The problem was that everyone that wanted a Wii U had already pre-ordered one. In addition, there were a lot of people who pre-ordered a Wii U with the hopes of reselling it for extra money.

I ended up feeding into the latter by spending a few days searching on Craigslist before finding someone with a Best Buy pre-order receipt. The exchange in a Denny's parking lot felt like a drug deal, and more importantly it cost me an additional $100 beyond the sticker price. But hey, at least I had a Wii U pre-order.

Weeks later I would attend the Wii U's launch where there was a line of people similarly excited to play its handful of unimpressive games. Little did we know that the console would become one of the greatest blunders in industry history.

If the Wii U can be resold for more than $100 beyond the sticker price at launch, you can bet the Switch will be affected in the same way.

The supply chain involved in a new console launch is extraordinary. You're talking about millions of an expensive product having to be manufactured, shipped, and delivered to thousands of retailers across the globe. Forecasting demand precisely on day one is nigh impossible, and selling out is good for marketing, anyway. Due to this, companies like Nintendo always drastically under-produce at launch.

It usually takes months for supply to met demand.
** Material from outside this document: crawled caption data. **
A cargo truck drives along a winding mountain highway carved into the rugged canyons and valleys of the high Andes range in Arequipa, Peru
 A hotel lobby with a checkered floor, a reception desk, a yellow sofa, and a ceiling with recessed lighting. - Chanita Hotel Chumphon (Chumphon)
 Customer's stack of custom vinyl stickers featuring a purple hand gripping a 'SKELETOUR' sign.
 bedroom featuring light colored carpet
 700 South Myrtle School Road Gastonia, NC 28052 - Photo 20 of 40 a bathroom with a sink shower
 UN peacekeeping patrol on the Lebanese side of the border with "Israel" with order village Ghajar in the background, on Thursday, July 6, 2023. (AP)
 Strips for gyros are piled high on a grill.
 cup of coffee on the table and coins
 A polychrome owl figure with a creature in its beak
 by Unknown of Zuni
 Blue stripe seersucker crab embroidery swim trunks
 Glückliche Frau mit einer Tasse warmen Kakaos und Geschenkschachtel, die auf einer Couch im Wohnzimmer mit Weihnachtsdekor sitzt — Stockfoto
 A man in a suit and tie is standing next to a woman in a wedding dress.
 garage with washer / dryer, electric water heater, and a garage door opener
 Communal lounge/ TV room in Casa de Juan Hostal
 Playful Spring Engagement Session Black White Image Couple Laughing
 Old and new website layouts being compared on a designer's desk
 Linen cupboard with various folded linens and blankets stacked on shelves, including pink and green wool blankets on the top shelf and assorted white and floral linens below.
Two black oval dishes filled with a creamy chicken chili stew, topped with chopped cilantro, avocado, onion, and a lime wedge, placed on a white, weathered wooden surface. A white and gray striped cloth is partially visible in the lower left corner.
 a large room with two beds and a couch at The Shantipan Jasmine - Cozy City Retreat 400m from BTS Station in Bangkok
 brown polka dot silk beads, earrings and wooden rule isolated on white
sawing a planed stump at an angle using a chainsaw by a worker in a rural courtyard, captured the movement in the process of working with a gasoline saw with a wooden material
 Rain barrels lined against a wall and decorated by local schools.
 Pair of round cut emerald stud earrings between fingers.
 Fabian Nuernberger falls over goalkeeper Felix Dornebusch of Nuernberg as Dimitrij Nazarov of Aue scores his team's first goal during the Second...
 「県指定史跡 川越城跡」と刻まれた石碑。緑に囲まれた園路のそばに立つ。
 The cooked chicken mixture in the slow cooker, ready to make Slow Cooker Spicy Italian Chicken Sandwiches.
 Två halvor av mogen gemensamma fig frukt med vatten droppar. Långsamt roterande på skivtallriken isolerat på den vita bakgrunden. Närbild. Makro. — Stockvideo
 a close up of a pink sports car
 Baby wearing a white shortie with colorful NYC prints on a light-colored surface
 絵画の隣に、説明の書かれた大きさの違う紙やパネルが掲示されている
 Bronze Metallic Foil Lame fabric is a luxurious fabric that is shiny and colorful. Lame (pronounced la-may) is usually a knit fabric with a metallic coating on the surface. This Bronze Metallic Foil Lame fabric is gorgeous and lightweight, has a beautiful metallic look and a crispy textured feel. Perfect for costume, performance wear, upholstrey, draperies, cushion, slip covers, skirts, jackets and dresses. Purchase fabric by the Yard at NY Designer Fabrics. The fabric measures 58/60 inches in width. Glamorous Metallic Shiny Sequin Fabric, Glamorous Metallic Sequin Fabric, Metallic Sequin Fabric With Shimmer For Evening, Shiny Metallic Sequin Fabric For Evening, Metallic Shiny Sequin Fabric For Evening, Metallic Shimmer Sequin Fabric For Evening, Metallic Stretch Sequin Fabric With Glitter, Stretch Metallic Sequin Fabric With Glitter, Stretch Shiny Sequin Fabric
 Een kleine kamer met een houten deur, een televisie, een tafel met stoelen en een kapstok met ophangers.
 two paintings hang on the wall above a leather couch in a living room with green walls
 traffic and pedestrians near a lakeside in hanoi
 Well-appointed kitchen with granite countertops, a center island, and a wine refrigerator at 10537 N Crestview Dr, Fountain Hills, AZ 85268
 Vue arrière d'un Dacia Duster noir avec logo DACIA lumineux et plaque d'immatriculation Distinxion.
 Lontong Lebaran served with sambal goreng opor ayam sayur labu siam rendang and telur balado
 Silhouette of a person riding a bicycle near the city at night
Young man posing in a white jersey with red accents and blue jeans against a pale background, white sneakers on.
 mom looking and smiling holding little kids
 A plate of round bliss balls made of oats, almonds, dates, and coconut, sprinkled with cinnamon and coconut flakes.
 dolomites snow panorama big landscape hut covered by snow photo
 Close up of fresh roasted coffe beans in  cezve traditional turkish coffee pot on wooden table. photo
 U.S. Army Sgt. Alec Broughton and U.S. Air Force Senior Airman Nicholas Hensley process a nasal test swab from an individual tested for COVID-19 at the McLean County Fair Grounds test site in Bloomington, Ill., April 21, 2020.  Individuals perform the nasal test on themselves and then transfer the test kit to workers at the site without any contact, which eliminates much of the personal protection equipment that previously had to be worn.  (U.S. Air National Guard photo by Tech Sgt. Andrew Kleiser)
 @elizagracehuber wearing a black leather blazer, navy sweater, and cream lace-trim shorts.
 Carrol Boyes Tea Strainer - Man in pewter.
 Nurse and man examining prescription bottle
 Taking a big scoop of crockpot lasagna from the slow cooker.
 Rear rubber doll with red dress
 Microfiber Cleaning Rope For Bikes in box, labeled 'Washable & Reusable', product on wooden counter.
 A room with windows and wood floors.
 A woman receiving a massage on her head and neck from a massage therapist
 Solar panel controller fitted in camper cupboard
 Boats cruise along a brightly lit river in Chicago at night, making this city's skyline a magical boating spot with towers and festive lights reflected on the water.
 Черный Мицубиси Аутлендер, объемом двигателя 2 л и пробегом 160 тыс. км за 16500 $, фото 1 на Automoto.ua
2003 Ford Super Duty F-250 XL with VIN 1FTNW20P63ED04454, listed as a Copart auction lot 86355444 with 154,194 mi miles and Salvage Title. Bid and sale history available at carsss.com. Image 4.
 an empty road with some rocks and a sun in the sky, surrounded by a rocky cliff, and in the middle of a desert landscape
By the time anyone can just jog into a local store and pick up a console, the excitement of launch has long dissipated. It's only the people who got in early or succumbed to the scalper marker that get to enjoy the early—and frustrating—early days.

Tomorrow, Nintendo is going to share all-new information about the upcoming console, and you can bet that will include pre-order information. If there's any part of you that thinks that you'll be interested in the console at launch, do everything in your power to lock-in a pre-order as soon as possible. Even if you end up changing your mind, there is bound to be someone in your life who will want it. You don't want to be the guy scanning Craigslist for a pre-order.